It is fascinating to listen to and read and then analyse the apologetic and polemical rhetoric of many self-proclaimed Republican partisans and many self-proclaimed Democrat partisans. What becomes clear when you dispassionately analyse the discourse or rhetoric of both partisan sects is that both sectarian groups began with similar if somewhat different perceptions of the oligarchic class that rules the United States and that both sects have different if somewhat similar perceptions of the media. What becomes clear, in other words, about this partisan discourse is that on one level, the structural level, the rhetoric of Republicans and Democrats are similar, while on the level of form they are somewhat different.

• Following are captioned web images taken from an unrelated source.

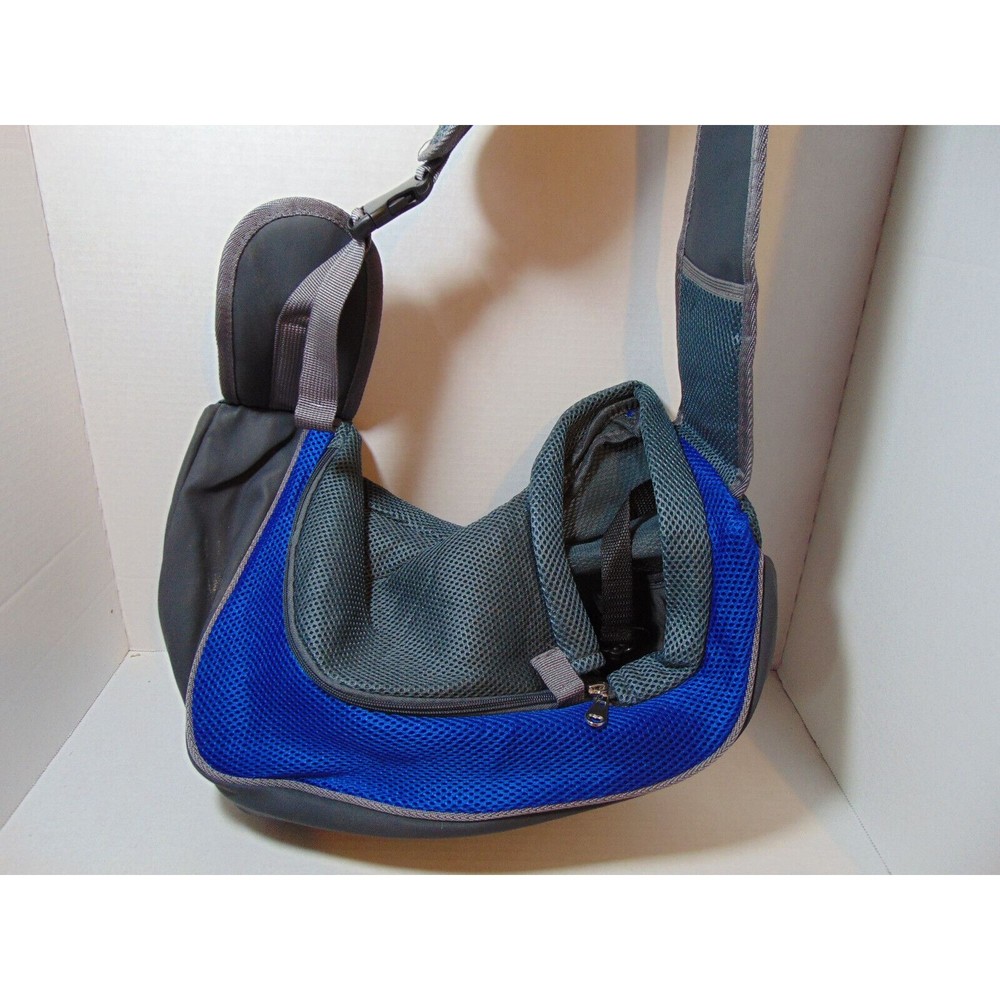Dog Mesh Sling Carry Pack Backpack Carrier Travel Tote Shoulder Bag SMALL Dk Blu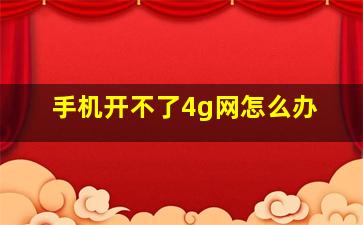 手机开不了4g网怎么办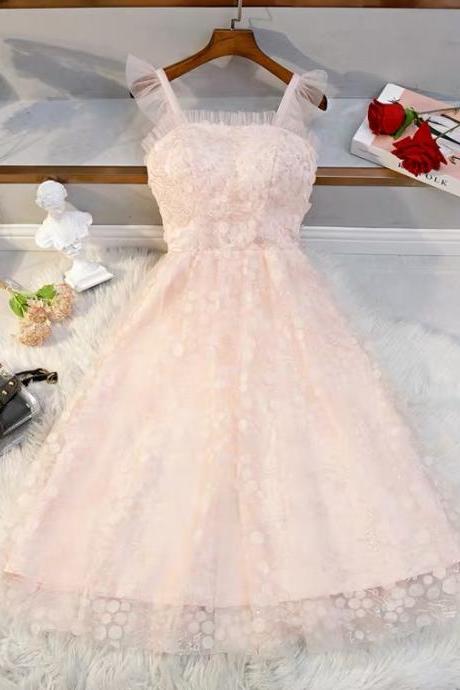Fairy Dream Pink Bridesmaid Dress,sequin Homecoming Dress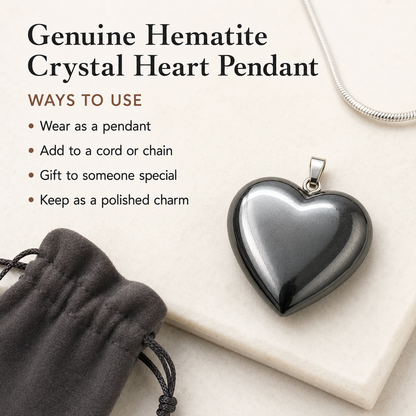 Genuine Hematite Crystal Heart Pendant, Genuine Heart Shaped Necklaces  DestGlow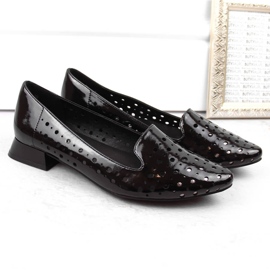 M. DASZYŃSKI Patenterede gennembrudte slip-on sko til kvinder M.Daszyński SA178A-2 sort 2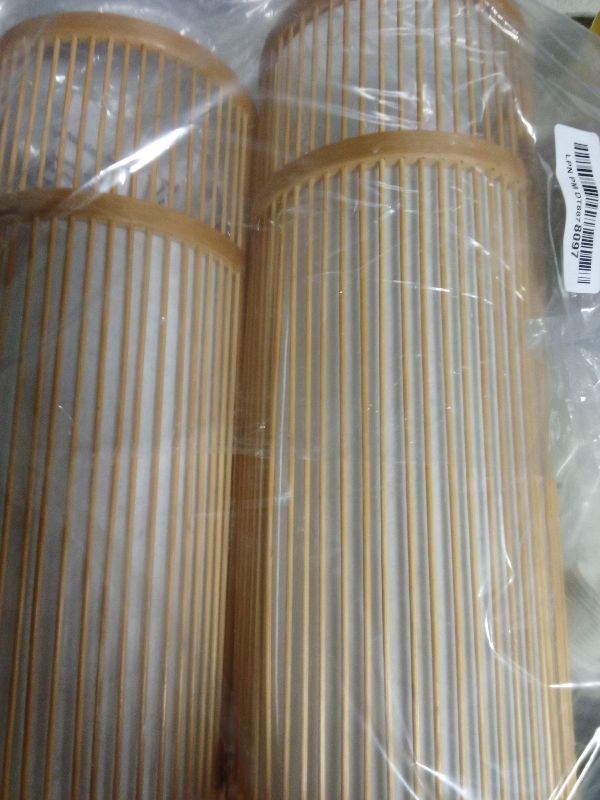 Photo 1 of 2 Pack Bamboo Pendant Light - Mini Pendant Lights Bedroom - Natural Hand-Woven Bamboo Light Fixture for Home Decor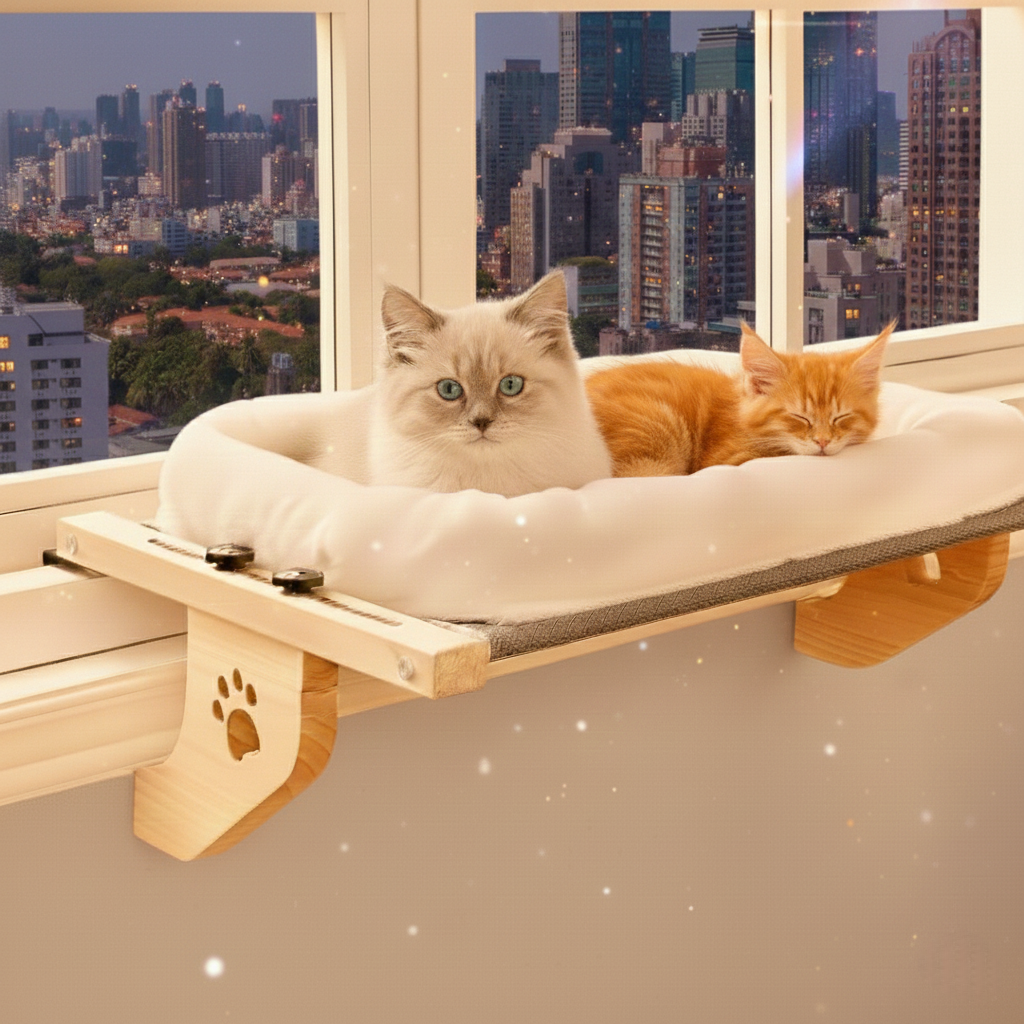 ✨ EliteView™️ - No-Drill Wooden Cat Window Perch - Heavy Duty Clamp-on Sill Shelf for Large Cats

The Republican and Democrat conceptions of the American ruling oligarchy assume that the ruling class is economically, politically, and culturally the same. They both assume, in other words, that there is only one ruling class when, in fact, there really isn't. As a number of scholars have noted at least since Antonio Gramsci, there are fractions within the ruling elite, fractions that sometimes produce tensions within the ruling elite. The Republicans, for instance, particularly since they adopted so much of the rhetoric of Southern Dixiecrats, have ties to right wing oil elites and their fellow travellers. This is one of the reasons the Republican Party, as it has dixiefied since the 1950s, has developed even stronger ties with right wing economic elites and have helped these right wing economic elites move from the margins to the mainstream of American political and economic discourse since the 1950s. The Democrats, on the other hand, since the 1960s, thanks to the disenchantment with and defection of its Dixiecrats, deindustrialisation and the decline of unions, increasing DixiePublican success among White working class ethnics, and the rise of the new digital media, have aligned themselves with the economically conservative and socially somewhat liberal oligarchs, such as those in Silicon Valley.
While there is limited economic tensions between these fractions of the ruling oligarchic class. They all are, as Nancy Pelosi noted, capitalist (a fact that makes the wacky right wing's characterisation of them as socialists or communists or anarchists looney). They are just somewhat different kinds of capitalists. While both fractions are neoliberal in their economic ideology--they believe in the free market theology--the new digital oligarchic elite are more open to social liberal or social insurance liberalism than are the Republican leaning oligarchs.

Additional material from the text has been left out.